Fluoroelastomers having excellent heat resistance, oil resistance, and chemical resistance have been used widely for sealing materials, containers and hoses. Examples of fluoroelastomers include copolymers comprising units of vinylidene fluoride (VF.sub.2) and units of at least one other copolymerizable fluorine-containing major monomer such as hexafluoropropylene (HFP), tetrafluoroethylene (TFE), chlorotrifluoroethylene (CTFE), vinyl fluoride (VF), and a perfluoro(alkyl vinyl ether) (PAVE). Specific examples of PAVE include perfluoro(methyl vinyl ether), perfluoro(ethyl vinyl ether) and perfluoro(propyl vinyl ether).
In order to develop the physical properties necessary for some end use applications, fluoroelastomers must be crosslinked. Typical curatives for promoting crosslinking include polyamines, polyols and the combination of an organic peroxide and a multifunctional unsaturated coagent. All these compounds form crosslinks by reacting with a cure site on the fluoroelastomer polymer chain. Examples of cure sites include a double bond, or a labile hydrogen, bromine, iodine, or chlorine atom. A common method of introducing a cure site into a fluoroelastomer made by continuous emulsion polymerization is to continuously add a minor amount of a copolymerizable cure site monomer, along with the major monomers (e.g. VF.sub.2, HFP, TFE, PAVE, etc.) to the polymerization reactor. In this manner, cure sites are randomly distributed along the resulting fluoroelastomer polymer chain. Suitable cure site monomers include bromine- or iodine-containing olefins, and bromine- or iodine-containing unsaturated ethers, non-conjugated dienes and 2-hydropentafluoropropylene (2-HPFP). Alternatively, or in addition to cure site monomers, cure sites may be introduced into the fluoroelastomer by conducting the polymerization in the presence of a chain transfer agent containing iodine, bromine or both. In this manner, a bromine or iodine atom is attached to the resulting fluoroelastomer polymer chain at one or both ends. Such chain transfer agents typically have the formula RI.sub.n, RBr.sub.n or RBrI, where R may be a C.sub.1 -C.sub.3 hydrocarbon, a C.sub.1 -C.sub.6 fluorohydrocarbon or chlorofluorohydrocarbon, or a C.sub.2 -C.sub.8 perfluorocarbon, and n is 1 or 2.

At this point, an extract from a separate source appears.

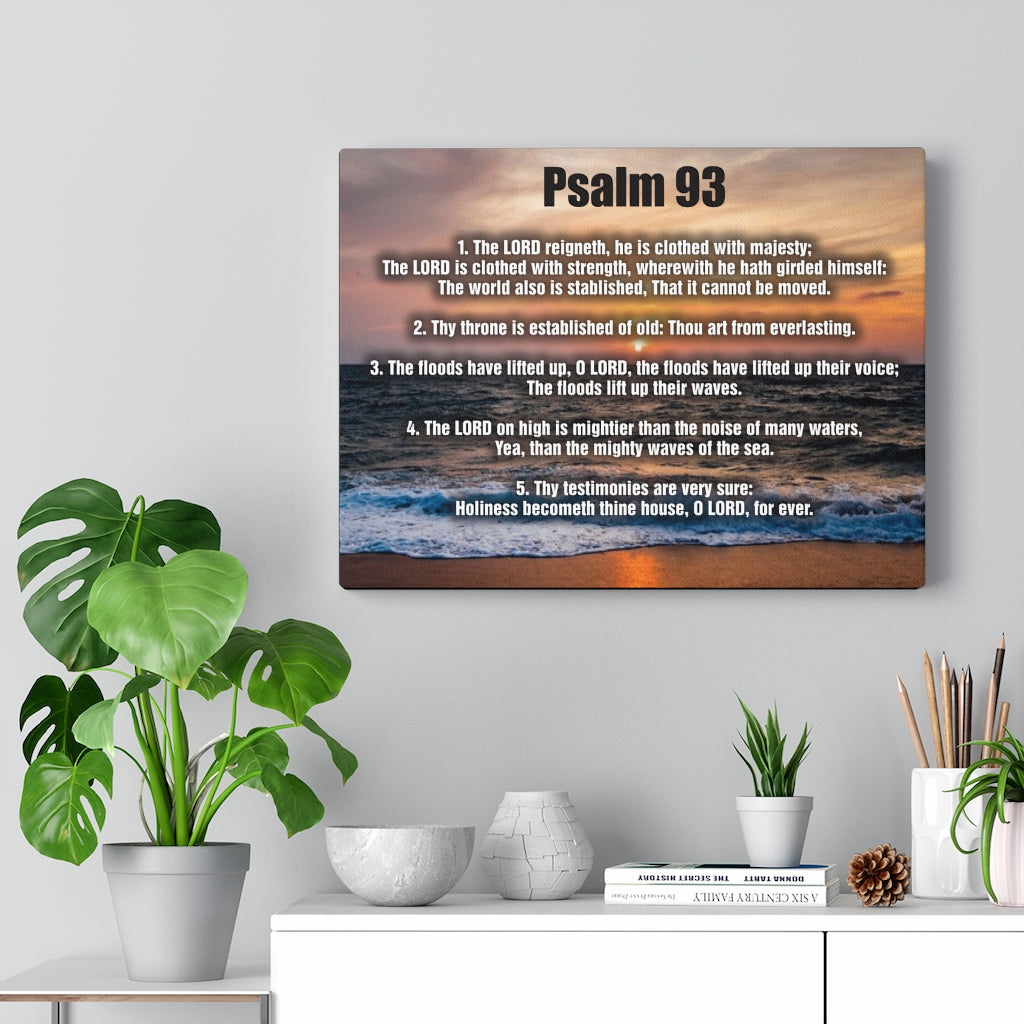 Scripture Walls The Lord Reigneth Psalm 93 Bible Verse Canvas Christian Wall Art Ready to Hang Unframed-Express Your Love Gifts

Production of such fluoroelastomers by emulsion and solution polymerization methods is well known in the art; see for example U.S. Pat. No. 4,214,060. Generally, fluoroelastomers are produced in an emulsion polymerization process wherein a water-soluble polymerization initiator and a relatively large amount of surfactant are employed. The resulting fluoroelastomer leaves the reactor in the form of a latex which must be degassed (i.e. freed from unreacted monomers), coagulated, filtered and washed. Emulsion processes suffer from several disadvantages including production of polymers having high Mooney viscosity, which tends to make it difficult to process these materials (i.e. mixing, extruding, molding) into cured articles, due to the presence of ionic end groups on the fluoroelastomer polymer chains. Another disadvantage is that the polymer products contain impurities from retained surfactants, coagulants, buffers and defoamers.

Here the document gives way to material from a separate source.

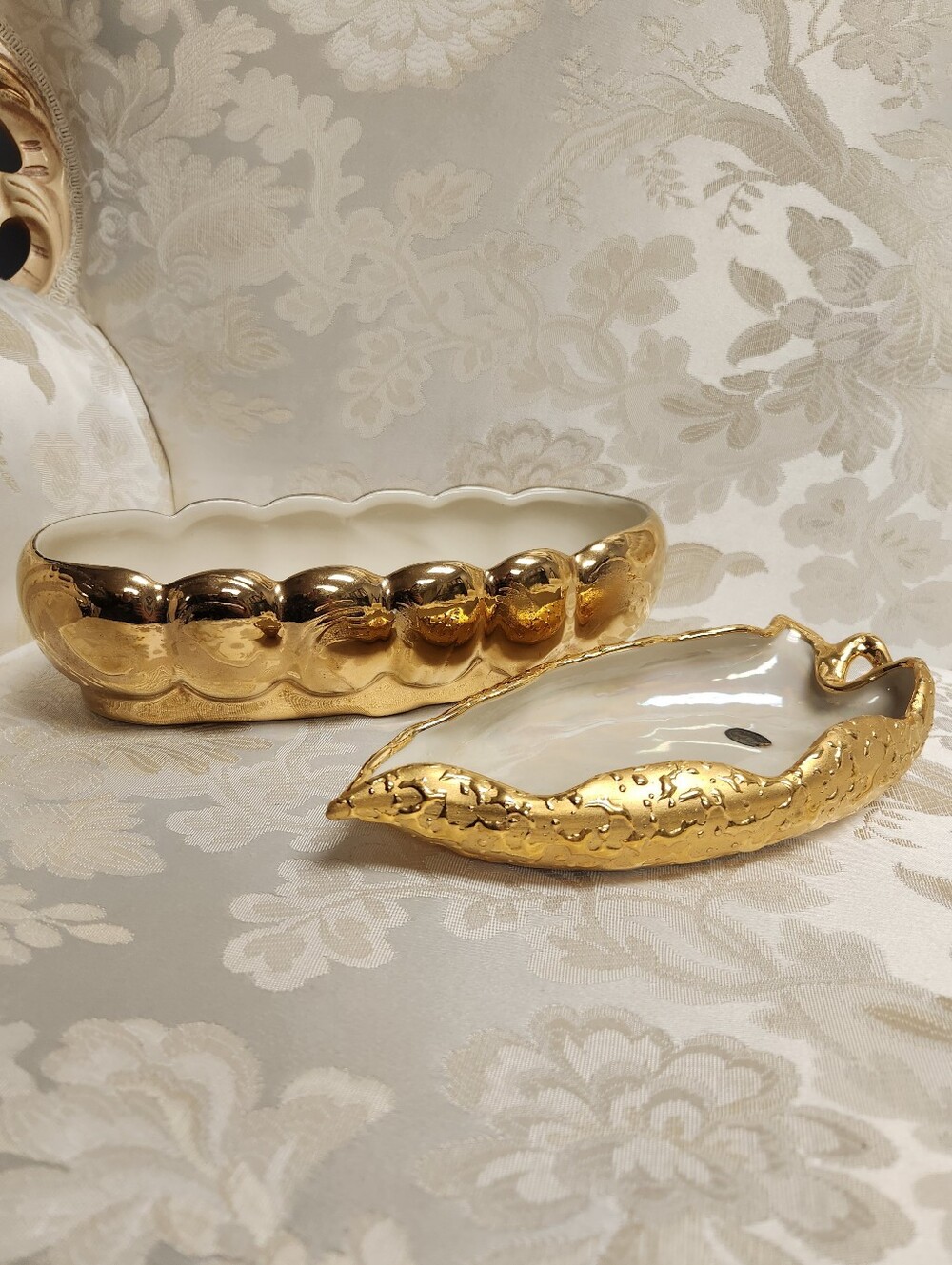 Vintage Mid Century Weeping Leaf Candy Dish & Sweyte Pottery Planter 22k Gold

On the other hand, in a suspension polymerization process, polymerization is carried out by dispersing one or more monomers, or an organic solvent with monomer dissolved therein, in water and using an oil-soluble organic peroxide. No surfactant or buffer is required and fluoroelastomer is produced in the form of polymer particles which may be directly filtered, i.e. without the need for coagulation, and then washed, thus producing a cleaner polymer than that resulting from an emulsion process. Also, the fluoroelastomer polymer chains are substantially free of ionic end groups so that the Mooney viscosity is relatively low and the polymer has improved processability compared to polymer produced by an emulsion process (U.S. Pat. Nos. 3,801,552, 4,985,520 and 5,824,755).
A disadvantage of suspension polymerization processes disclosed in the prior art is that it is difficult to incorporate a cure site monomer uniformly into the polymer because polymerization rate and polymer molecular weight increase throughout the reaction period. Many cure site monomers, if present in excess, greatly hinder the polymerization reaction, so that the desired polymerization rate and polymer molecular weight can not be attained in suspension polymerization processes of the prior art.